Given information ::

____________________

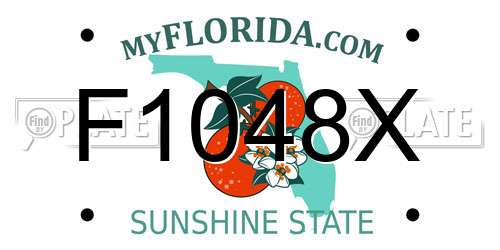 F1048X Florida License Plate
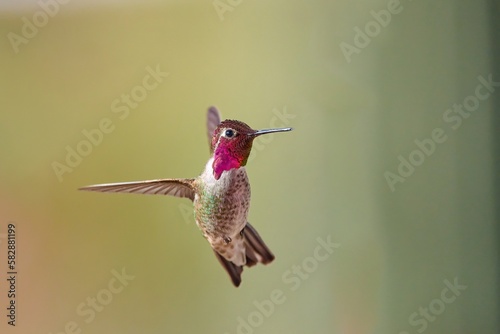 A male Anna's Hummingbird (Calypte anna) hovering mid air, Arizona.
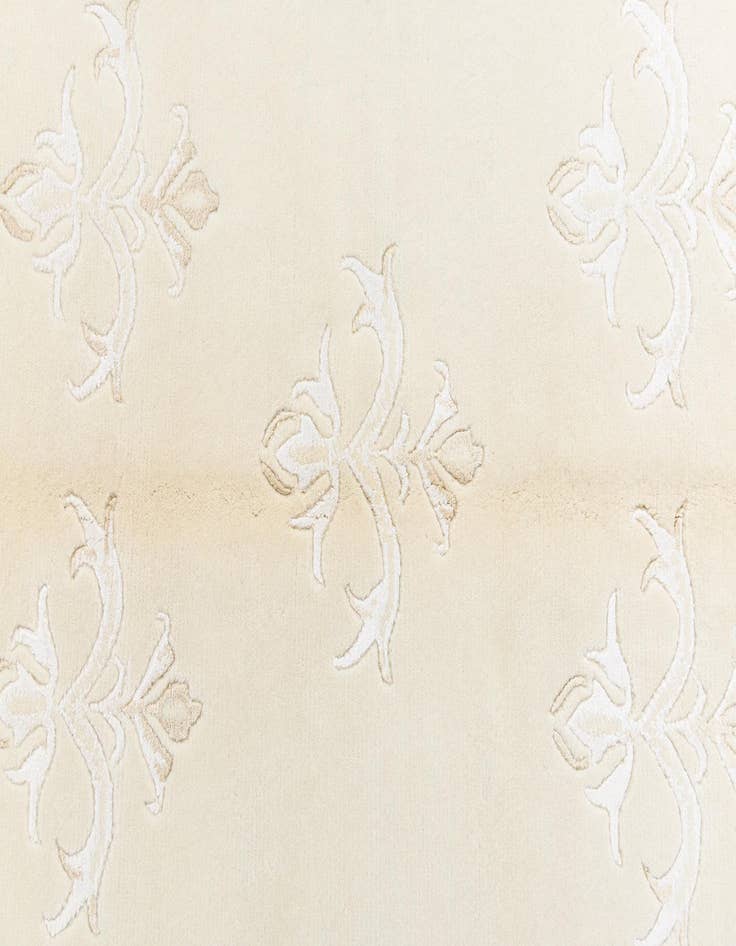 Detail image of 4' x 6' 2 Darya Rug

____________________

Each line of the material needs to be given again exactly, without any of its pictures.

 F1048X Florida License Plate
 A male Anna's Hummingbird (Calypte anna) hovering mid air, Arizona.
 Detail image of 4' x 6' 2 Darya Rug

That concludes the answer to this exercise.